The Wolf of Wall Street – DVD

by timbaros

images-77At 180 minutes long, The Wolf of Wall Street is not a short film. It has a fast and furious momentum that keeps it going up until about 120 minutes into the film, and then when you think it’s over, it gains more momentum, but because of this, it loses steam as well.

The Wolf of Wall Street is the true (according to the book and it’s author Jordan Belfort) story of American Belfort’s days as a New York stockbroker who owned the now defunct Stratton Oakmont Trading Company. His was a life of money, greed, sex, drugs, cheating, fraud, corruption, more fraud and more corruption and lots more sex and drugs.
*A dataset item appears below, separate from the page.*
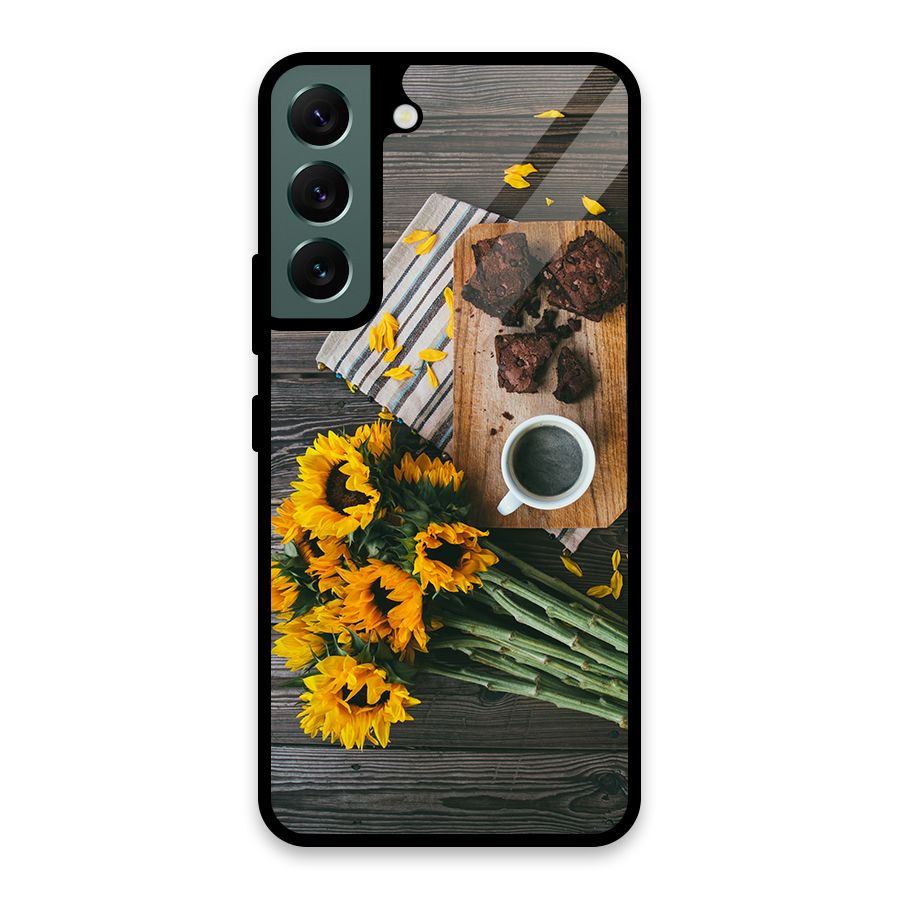 Coffee and Flowers Glass Back Case for Galaxy S22 5G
Did I mention lots of drugs?
Leonardo DiCaprio plays Belfort as both a young man starting out as a dental school dropout who somehow gets a job on Wall Street at the age of 22 (in 1982) to being sent to prison at the age of 36. In between those 14 years, Belfort lived a life that could be characterized as reality meets fantasy.
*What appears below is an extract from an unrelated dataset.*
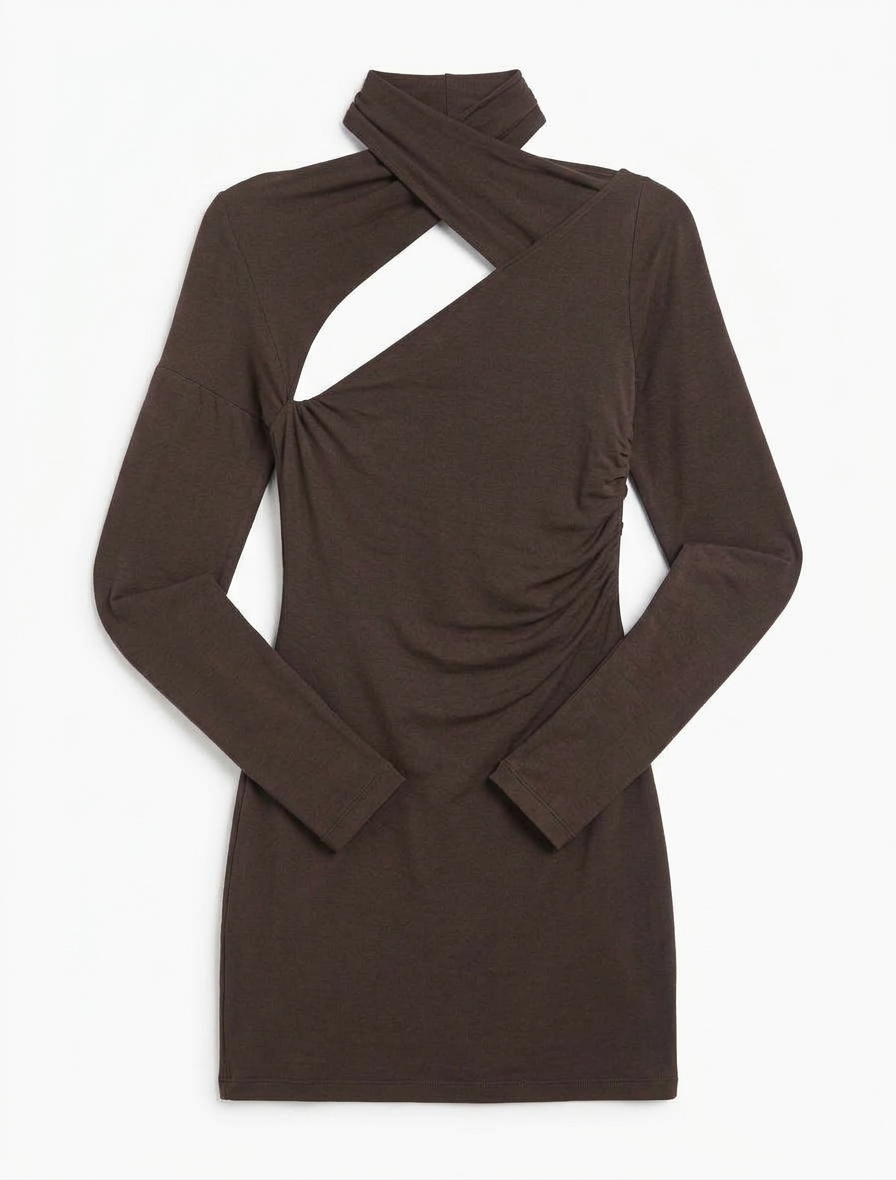 Coral Wrap Top In Turkish Coffee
As a 22 year old man, we see DiCaprio at his first day at work in a Manhattan brokerage company. He knows this is where he belongs, even more so when his boss Mark Hanna (Matthew McConaughey) tells him how he should lead his life if he is going to stay in this business – with drugs and prostitutes. Unfortunately for Belfort (and Hanna) they both lose their jobs when their firm goes under after the crash of 1987, so Belfort, encouraged by his wife Teresa (Cristin Milioti), applies for a stockbroker job on Long Island. He thinks about it and decides to go for it. He drives up to a strip mall and walks into what is a very low key unassuming office, where the men are dressed very casual and with no buzz in the office like his New York City trading floor. He impresses the manager (in more ways than one) and from this point on for Belfort the only way is up.
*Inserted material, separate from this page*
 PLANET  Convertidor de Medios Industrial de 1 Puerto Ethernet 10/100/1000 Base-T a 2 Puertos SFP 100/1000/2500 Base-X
He soon earns lots of money but then decides to strike out on his own. He enlists his neighbor (who happened to marry his own cousin) who is a character out of the 1950’s – Donnie Azoff (Jonah Hill) to work for him. And soon enough, Belfort gets all of his friends together to also work for him at his new firm. And within a year, his firm, Stratton Oakmont, is earning millions and millions of dollars, and with all this money comes all the finer (and funner) things in life. Belfort is able to buy his wife very expensive jewelry and a penthouse in the sky, and at the same time he spends lavishly on his employees. In one crazy scene in the film, Belfort announces that his firm has earned a record amount for one day, so out comes a scantily-dressed marching band (both men and women), and then a chimpanzee which Belfort holds on to, then hookers, hookers, and more hookers (what were the female brokers doing? Were there any? I didn’t see any at this point in the film). Also, midgets were brought in to be tossed. So the debauchery continues and continues, with lots of naked women in the office, and lots of the male brokers taking turns with the women. The Wolf of Wall Street shows that there was sex everywhere in their office. Whilst this may be sort of true, it is really really hard to believe than an American company in the early 1990’s would condone this type of behavior. Even more so when Belfort (and his board of directors – all of them) take drugs all the time, including cocaine and quaaludes, all over the office, and in public places as well. This includes them boarding a plane, all very obviously high. Any airline at that time would’ve called the authorities and kicked them off. At one point, Belfort’s company employed 1000 brokers, so are we supposed to believe that all of them condoned (and participated in) this type of behavior?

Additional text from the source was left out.